Temer acordou neste domingo, 17 de abril de 2016, com a mão na poltrona da presidente. Kassab demitiu-se do ministério, jogou o seu PSD na trincheira do impeachment e ajuda a puxar o assento de Dilma. Quanto a Cid, virou pó em março de 2015. Soou numa gravação assim: há na Câmara “uns 400, 300 achacadores.” Chamado a se explicar, apontou para Cunha. Virou um ex-ministro instantâneo. A pasta da Educação agora é ocupada por Mercadante. Expurgado da Casa Civil, o ex-conselheiro é, no momento, um inquérito esperando para acontecer na Lava Jato.
Antes de chegar a essa condição, Mercadante dinamitou a última tentativa de Dilma de acertar-se com o PMDB. Aconselhada por Lula, a suposta presidente delegou a coordenação política do seu governo a Michel Temer. Absteve-se, porém, de retirar Mercadante do caminho do vice. Temer deu por encerrada sua missão e trancou-se em seus rancores.

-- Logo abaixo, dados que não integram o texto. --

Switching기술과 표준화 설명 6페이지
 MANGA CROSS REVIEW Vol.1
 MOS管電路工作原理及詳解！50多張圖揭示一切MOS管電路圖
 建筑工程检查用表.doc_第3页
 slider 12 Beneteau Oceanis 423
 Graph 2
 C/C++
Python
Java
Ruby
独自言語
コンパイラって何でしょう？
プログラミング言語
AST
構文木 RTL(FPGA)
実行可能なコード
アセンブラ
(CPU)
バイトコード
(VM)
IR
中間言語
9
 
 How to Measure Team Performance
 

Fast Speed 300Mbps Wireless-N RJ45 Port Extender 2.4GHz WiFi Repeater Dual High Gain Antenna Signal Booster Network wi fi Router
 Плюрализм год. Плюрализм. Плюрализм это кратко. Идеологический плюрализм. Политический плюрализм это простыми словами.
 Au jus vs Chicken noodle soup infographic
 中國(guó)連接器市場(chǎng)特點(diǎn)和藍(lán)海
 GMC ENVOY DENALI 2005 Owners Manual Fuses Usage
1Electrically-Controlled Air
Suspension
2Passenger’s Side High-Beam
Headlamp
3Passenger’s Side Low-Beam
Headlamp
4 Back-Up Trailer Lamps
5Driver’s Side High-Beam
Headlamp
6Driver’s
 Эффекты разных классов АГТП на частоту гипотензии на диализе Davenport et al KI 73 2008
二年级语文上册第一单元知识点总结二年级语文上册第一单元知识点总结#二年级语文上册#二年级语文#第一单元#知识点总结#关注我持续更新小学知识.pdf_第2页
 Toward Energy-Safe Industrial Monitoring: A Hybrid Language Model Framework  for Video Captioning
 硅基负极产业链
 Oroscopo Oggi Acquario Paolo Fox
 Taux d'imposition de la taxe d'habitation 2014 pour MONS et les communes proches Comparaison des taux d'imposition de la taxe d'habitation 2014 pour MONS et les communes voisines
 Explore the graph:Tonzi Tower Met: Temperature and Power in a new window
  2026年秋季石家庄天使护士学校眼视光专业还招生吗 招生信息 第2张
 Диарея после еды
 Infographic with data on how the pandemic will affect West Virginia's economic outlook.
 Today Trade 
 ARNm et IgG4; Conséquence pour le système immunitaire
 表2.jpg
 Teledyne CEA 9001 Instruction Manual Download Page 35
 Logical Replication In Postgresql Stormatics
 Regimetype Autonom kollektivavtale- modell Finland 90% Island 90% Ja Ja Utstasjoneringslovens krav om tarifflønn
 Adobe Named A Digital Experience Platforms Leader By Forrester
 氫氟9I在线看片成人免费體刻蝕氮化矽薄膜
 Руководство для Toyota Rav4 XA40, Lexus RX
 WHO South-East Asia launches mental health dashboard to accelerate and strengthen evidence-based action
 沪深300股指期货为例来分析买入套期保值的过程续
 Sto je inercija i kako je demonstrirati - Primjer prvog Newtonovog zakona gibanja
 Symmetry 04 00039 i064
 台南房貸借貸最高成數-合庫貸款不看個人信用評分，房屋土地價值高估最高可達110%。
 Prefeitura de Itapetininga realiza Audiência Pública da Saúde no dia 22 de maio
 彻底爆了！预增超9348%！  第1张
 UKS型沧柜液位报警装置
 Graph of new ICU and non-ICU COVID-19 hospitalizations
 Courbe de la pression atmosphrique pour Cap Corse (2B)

Em dezembro do ano passado, Temer endereçou uma carta a Dilma. “…Sei que a senhora não tem confiança em mim e no PMDB, hoje, e não terá amanhã. Lamento, mas esta é a minha convicção”, anotou. A carta funcionou como um spray de gasolina na fogueira do impedimento. Abandonado pelo PT no Conselho de Ética da Câmara, Cunha empinou o pedido de empeachment que a Câmara vota neste domingo.
Neófita em política, Dilma teve de lidar com um PMDB que desafia a Teoria da Evolução pela Seleção Natural. Uma passada de olhos pelo quadro de lideranças do partido, que supostamente representa o que o PMDB tem de melhor, inspira pavor. Noutros tempos, o PMDB tinha a cara de Ulysses Guimarães. Ficou com o semblante do Quércia. Foi adornado com o bigode de Sarney. Ganhou a sobrancelha de Jáder, a lábia de Jucá, a testa larga de Renan e, finalmente, o estômago hipertrofiado de Cunha. O PT sofreu o mesmo processo degenerativo. Com a diferença de que as deformações concentraram-se em Lula, a face única da legenda.
Vivo, Charles Darwin diria que a política brasileira converteu-se em prova de que o ser humano parou de evoluir. Pior: já começou a involuir. Mas foi assim, afrontando a ciência, que o PMDB aproveitou-se da empáfia do PT para aproximar Dilma, uma carta fabricada por Lula, da condição de coisa “fora do baralho''.